WORK REQUIRED:
Only one stretch of the records below should be repeated. It starts with the line containing "Picture of Prada" and goes on through the line containing "Image of Timberland", exactly as written.

- - - - - - -

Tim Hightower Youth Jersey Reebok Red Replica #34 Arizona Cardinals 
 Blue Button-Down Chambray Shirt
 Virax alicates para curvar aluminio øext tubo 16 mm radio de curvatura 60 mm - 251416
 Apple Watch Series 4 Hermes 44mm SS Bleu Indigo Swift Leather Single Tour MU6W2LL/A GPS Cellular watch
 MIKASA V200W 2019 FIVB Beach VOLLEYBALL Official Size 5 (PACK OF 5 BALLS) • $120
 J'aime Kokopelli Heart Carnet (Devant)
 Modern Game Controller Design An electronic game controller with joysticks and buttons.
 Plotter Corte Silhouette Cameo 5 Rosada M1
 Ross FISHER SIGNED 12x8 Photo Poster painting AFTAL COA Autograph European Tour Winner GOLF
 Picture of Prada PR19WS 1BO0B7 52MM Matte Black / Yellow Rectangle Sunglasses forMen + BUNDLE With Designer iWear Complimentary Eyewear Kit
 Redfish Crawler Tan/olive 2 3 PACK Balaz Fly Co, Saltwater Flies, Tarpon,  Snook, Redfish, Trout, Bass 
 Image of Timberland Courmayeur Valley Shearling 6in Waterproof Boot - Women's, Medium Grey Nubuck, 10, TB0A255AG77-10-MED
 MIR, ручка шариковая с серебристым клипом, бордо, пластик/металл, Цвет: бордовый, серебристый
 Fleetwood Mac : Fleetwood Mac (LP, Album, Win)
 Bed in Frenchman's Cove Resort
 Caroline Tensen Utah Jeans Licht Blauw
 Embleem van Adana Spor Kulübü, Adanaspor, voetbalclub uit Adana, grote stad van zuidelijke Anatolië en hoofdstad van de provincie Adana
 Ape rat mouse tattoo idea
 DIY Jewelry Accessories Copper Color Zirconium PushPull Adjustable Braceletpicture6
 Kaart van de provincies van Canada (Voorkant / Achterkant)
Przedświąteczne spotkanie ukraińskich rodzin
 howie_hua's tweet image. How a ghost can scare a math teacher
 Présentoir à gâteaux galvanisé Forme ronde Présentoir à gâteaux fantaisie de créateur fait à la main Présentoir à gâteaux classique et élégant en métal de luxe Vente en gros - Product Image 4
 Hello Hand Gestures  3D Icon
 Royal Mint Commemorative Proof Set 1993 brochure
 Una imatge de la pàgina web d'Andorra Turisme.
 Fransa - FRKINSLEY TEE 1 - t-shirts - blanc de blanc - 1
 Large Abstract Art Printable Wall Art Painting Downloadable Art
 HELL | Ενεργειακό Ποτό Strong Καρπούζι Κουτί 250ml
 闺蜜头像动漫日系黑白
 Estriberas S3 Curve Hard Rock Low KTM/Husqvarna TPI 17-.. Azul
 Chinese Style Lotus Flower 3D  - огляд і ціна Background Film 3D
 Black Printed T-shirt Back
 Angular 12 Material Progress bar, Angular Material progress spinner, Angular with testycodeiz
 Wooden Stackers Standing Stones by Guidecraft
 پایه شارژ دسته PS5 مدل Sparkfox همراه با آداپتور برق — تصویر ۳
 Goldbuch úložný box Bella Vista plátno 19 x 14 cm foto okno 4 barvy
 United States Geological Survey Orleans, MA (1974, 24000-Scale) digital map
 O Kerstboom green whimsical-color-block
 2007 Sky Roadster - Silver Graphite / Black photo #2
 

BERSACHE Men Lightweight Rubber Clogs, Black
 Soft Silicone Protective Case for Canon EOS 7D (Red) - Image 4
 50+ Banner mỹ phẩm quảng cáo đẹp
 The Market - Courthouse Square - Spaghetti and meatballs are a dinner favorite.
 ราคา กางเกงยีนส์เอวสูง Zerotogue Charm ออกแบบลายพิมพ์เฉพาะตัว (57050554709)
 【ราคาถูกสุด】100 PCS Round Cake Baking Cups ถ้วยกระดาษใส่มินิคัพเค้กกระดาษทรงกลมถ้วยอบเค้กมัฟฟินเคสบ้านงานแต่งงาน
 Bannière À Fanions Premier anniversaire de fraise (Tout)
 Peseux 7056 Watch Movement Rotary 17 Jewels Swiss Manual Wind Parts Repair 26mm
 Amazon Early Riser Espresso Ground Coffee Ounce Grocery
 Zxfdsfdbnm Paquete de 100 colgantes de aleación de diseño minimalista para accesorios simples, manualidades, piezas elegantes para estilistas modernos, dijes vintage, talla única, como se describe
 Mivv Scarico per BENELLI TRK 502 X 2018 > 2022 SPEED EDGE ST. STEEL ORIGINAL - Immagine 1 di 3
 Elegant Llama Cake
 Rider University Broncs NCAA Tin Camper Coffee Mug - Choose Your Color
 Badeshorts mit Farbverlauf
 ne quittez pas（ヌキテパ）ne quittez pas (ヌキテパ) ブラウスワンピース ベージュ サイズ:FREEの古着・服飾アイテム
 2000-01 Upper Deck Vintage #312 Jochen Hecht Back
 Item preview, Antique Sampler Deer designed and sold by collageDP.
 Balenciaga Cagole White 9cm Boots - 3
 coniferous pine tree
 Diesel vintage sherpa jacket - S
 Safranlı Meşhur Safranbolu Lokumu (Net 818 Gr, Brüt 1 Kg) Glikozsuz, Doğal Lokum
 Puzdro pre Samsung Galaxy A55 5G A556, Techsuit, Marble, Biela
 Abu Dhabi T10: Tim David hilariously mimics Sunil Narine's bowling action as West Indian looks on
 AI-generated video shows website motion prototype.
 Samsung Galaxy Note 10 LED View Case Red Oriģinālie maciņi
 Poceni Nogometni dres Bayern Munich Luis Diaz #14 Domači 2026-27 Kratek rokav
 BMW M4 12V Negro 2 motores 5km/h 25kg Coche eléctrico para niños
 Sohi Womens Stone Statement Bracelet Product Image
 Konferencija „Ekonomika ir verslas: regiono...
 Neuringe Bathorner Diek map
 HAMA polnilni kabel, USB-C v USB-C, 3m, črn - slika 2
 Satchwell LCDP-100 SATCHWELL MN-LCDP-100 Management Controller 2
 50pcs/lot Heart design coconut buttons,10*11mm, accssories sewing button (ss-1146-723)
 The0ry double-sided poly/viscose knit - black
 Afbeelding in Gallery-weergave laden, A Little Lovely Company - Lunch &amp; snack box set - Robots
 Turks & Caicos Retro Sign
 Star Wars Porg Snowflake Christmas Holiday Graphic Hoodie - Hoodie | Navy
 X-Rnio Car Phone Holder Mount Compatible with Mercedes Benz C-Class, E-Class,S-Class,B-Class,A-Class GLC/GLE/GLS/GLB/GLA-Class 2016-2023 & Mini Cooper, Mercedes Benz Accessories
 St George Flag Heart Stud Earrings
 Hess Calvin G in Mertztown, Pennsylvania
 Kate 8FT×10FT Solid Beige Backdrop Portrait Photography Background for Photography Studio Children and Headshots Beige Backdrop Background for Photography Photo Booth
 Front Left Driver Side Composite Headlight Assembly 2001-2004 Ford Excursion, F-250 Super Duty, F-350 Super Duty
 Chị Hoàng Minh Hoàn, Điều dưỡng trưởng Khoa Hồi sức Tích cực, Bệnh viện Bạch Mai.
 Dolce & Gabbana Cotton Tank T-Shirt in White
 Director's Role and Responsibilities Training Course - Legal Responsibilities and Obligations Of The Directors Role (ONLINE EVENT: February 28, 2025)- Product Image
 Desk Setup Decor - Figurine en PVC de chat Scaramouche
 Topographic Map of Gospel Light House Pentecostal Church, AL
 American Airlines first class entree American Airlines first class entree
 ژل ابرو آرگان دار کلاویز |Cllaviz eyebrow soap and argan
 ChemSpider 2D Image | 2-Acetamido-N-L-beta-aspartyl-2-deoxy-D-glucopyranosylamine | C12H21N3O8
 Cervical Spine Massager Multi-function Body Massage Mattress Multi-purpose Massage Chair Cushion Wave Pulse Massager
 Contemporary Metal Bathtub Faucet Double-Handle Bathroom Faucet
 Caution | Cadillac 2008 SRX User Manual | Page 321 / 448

- - - - - - -

SOLVED PROBLEM:
 Picture of Prada PR19WS 1BO0B7 52MM Matte Black / Yellow Rectangle Sunglasses forMen + BUNDLE With Designer iWear Complimentary Eyewear Kit
 Redfish Crawler Tan/olive 2 3 PACK Balaz Fly Co, Saltwater Flies, Tarpon,  Snook, Redfish, Trout, Bass 
 Image of Timberland Courmayeur Valley Shearling 6in Waterproof Boot - Women's, Medium Grey Nubuck, 10, TB0A255AG77-10-MED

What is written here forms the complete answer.